Records provided:
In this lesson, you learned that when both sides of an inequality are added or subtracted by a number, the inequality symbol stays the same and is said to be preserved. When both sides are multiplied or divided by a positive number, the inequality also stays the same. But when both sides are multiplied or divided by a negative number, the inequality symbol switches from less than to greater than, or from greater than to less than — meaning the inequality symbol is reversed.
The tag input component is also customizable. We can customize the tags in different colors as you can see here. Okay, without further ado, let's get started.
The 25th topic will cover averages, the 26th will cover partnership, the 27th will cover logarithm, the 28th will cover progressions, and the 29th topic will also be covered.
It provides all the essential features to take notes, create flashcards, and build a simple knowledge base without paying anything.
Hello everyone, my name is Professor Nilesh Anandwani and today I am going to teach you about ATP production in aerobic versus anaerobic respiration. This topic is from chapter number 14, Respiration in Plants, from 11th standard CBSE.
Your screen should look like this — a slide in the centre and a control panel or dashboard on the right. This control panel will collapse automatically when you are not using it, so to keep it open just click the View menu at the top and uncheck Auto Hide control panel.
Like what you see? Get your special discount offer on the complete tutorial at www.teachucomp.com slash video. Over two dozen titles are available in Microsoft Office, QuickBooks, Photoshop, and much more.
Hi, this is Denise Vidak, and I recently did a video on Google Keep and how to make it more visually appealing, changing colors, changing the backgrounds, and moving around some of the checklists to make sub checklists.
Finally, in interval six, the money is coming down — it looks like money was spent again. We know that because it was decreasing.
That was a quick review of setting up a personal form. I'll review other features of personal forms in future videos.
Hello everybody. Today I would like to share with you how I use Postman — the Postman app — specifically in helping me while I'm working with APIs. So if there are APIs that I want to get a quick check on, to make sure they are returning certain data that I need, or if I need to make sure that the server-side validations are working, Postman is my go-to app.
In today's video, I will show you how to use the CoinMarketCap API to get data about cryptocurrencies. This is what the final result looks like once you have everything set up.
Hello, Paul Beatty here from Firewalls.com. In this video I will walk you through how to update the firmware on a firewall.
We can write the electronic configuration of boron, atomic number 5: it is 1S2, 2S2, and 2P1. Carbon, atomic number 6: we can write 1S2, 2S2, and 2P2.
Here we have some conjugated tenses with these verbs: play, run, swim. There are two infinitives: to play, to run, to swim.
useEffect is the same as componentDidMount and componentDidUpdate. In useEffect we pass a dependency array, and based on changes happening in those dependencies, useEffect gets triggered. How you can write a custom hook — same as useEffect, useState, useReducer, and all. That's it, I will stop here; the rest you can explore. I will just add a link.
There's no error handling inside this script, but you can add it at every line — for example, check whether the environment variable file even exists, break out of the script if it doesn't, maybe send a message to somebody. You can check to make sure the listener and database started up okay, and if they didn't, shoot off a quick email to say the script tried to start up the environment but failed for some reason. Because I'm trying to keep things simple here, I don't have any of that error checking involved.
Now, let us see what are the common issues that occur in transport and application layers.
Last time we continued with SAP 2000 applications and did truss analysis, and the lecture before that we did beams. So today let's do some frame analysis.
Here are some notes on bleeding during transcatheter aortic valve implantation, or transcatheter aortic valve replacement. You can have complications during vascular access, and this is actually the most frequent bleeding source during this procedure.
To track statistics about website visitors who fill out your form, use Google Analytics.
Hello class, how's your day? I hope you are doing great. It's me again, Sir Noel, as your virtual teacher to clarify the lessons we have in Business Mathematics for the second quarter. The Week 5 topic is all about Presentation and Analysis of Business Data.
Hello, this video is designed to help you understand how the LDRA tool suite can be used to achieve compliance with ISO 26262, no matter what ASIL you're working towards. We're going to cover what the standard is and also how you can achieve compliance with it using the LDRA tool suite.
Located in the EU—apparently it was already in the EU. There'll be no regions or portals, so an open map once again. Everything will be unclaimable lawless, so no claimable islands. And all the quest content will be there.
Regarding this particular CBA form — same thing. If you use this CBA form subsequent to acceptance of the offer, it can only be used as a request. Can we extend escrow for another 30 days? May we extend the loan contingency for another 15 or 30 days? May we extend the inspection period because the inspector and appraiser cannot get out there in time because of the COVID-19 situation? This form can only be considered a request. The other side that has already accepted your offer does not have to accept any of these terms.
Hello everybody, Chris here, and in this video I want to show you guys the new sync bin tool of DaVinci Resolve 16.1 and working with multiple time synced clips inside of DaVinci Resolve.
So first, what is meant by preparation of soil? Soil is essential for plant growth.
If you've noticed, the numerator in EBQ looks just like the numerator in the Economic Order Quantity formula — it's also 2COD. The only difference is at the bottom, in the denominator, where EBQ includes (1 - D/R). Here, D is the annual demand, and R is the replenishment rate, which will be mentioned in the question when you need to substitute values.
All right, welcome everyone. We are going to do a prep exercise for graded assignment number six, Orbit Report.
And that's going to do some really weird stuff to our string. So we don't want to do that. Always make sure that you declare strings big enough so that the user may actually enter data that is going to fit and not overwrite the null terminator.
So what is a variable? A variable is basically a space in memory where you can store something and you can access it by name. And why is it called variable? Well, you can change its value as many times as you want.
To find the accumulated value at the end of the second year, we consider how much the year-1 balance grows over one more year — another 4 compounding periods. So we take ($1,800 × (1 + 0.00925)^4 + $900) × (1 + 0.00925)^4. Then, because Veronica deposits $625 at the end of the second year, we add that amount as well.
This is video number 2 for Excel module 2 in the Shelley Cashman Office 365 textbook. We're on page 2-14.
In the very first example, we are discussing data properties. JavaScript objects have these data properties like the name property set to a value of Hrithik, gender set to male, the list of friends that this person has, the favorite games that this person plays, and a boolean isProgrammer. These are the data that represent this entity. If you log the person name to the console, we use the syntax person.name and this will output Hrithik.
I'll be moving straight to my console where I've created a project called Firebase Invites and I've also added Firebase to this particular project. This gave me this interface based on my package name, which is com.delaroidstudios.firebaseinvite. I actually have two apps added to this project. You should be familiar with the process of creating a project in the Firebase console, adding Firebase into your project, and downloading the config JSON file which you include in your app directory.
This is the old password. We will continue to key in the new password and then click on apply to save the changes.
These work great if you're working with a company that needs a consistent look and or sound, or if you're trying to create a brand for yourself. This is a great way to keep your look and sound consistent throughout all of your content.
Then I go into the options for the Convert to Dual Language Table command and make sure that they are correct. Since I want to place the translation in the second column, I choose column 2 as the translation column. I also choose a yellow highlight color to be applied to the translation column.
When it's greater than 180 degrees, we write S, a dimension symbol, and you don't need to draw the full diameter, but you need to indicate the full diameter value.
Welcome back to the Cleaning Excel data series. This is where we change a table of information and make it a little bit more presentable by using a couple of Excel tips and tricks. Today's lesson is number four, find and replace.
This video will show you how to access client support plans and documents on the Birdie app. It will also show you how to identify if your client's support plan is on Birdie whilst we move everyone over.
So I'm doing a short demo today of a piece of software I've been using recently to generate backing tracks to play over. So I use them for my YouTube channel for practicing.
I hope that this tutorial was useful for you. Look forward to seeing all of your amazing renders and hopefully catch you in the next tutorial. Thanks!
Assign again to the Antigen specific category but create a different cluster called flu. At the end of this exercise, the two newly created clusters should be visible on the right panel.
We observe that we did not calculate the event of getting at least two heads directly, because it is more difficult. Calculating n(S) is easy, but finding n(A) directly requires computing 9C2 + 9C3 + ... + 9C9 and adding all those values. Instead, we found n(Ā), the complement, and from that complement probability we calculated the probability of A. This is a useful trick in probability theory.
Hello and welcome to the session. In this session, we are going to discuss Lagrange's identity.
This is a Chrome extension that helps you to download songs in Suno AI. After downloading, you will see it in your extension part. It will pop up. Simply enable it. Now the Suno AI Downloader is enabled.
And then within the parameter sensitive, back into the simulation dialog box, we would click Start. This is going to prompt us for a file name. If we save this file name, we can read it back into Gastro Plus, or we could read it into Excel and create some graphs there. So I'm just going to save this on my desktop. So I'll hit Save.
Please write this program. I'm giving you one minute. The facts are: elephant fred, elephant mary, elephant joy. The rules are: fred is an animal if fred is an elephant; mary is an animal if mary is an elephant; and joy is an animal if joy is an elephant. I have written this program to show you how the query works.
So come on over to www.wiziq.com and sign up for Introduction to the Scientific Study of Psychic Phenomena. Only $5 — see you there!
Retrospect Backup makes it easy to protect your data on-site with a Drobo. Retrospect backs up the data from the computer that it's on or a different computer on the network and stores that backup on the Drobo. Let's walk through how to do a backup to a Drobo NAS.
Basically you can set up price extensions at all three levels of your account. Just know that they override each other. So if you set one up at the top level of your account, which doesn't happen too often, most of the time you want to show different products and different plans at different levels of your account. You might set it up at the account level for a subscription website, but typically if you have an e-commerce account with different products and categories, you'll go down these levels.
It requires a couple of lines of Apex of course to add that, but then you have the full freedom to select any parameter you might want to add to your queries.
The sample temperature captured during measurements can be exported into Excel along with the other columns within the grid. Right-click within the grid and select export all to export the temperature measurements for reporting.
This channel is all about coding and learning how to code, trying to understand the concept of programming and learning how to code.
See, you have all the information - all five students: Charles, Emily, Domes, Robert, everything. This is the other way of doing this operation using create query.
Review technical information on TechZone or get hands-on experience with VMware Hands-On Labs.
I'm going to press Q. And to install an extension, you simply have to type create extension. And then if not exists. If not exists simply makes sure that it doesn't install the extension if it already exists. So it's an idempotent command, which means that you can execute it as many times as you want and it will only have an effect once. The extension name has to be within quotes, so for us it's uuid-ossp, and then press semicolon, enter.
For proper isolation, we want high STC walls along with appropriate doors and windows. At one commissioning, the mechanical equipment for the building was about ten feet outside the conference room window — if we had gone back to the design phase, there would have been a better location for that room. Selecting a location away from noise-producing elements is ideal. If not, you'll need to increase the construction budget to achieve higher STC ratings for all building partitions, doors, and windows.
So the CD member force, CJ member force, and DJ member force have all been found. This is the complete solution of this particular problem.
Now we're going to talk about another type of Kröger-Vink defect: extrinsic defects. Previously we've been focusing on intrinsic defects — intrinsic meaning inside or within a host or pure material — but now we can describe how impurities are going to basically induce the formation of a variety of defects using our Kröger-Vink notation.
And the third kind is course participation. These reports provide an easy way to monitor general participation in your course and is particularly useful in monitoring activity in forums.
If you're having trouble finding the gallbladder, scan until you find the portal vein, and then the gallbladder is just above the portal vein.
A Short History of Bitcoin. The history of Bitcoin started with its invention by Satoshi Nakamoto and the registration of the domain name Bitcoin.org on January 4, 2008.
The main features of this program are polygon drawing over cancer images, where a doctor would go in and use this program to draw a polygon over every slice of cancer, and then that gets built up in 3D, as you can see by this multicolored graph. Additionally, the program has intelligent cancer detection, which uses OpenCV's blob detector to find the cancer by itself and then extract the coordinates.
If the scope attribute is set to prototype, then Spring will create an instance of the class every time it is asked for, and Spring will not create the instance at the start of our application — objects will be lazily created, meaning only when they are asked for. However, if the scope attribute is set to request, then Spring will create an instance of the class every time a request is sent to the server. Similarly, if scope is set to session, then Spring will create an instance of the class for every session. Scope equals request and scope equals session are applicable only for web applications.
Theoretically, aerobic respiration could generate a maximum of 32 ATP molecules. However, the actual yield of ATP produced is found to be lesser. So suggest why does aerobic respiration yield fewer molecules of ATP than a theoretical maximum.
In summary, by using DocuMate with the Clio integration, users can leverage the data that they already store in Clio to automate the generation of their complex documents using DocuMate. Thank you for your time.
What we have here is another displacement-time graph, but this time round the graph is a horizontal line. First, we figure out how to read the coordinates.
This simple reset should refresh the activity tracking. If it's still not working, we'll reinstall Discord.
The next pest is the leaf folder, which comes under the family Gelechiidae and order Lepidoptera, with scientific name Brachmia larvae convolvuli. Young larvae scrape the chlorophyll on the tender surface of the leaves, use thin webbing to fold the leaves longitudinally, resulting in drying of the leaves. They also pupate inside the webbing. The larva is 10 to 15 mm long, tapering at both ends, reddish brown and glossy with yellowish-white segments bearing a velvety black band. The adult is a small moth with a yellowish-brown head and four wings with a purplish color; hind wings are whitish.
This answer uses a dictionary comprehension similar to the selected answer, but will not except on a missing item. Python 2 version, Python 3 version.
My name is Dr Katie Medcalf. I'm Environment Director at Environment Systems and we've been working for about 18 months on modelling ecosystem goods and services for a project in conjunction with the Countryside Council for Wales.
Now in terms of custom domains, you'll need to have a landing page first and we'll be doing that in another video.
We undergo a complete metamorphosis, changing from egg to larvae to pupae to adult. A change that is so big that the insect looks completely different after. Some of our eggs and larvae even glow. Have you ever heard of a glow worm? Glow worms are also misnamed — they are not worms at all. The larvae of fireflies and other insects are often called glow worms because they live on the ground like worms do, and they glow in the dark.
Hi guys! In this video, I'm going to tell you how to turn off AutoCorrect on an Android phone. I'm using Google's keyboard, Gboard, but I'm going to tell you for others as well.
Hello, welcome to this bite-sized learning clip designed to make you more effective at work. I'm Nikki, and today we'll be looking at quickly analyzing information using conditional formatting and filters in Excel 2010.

Aim of the task: Nothing but the lines from the first line of the data through the line with "It provides all" should be returned, exactly as they appear, both ends included.

Answer box:
In this lesson, you learned that when both sides of an inequality are added or subtracted by a number, the inequality symbol stays the same and is said to be preserved. When both sides are multiplied or divided by a positive number, the inequality also stays the same. But when both sides are multiplied or divided by a negative number, the inequality symbol switches from less than to greater than, or from greater than to less than — meaning the inequality symbol is reversed.
The tag input component is also customizable. We can customize the tags in different colors as you can see here. Okay, without further ado, let's get started.
The 25th topic will cover averages, the 26th will cover partnership, the 27th will cover logarithm, the 28th will cover progressions, and the 29th topic will also be covered.
It provides all the essential features to take notes, create flashcards, and build a simple knowledge base without paying anything.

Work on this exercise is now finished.